El reto para un evaluador que se encuentre con un marco como el de Value for Money será adaptar su razón al tipo de realidad que aborda, lo que implica también adaptar sus métodos y su intervención. He podido observar en los trabajos con organizaciones cómo las diferentes realidades, en aras de ser medidas y controladas, han sido observadas bajo la lupa de la razón técnica y la razón estratégica, aún si la naturaleza de la realidad observada no corresponde con este tipo de razones. Es entonces corriente que la razón comunicativa, que serviría de base para el análisis de organizaciones humanas, sea ignorada. El gran reto que tenemos los analistas y los evaluadores es complejizar nuestros sistemas de pensamiento para entender la compleja realidad humana.

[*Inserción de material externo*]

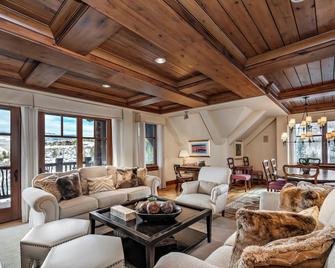 Ritz-Carlton Bachelor Gulch Bluebird Penthouse by Cuvee - Avon - Living room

[1] El concepto de VfM es ampliamente desarrollado por el Departamento para el Desarrollo Internacional (DFID del Reino Unido. Ver la página web: https://www.gov.uk/government/uploads/system/uploads/attachment_data/file/67479/DFID-approach-value-money.pdf

[2] Habermas, J. (1999) Teoría de la acción comunicativa I. Racionalidad de la acción y racionalización social. Taurus, Madrid.

David Castrillón es un consultor en análisis de organizaciones, y Maestro en Ciencias de la Administración (HEC Montréal).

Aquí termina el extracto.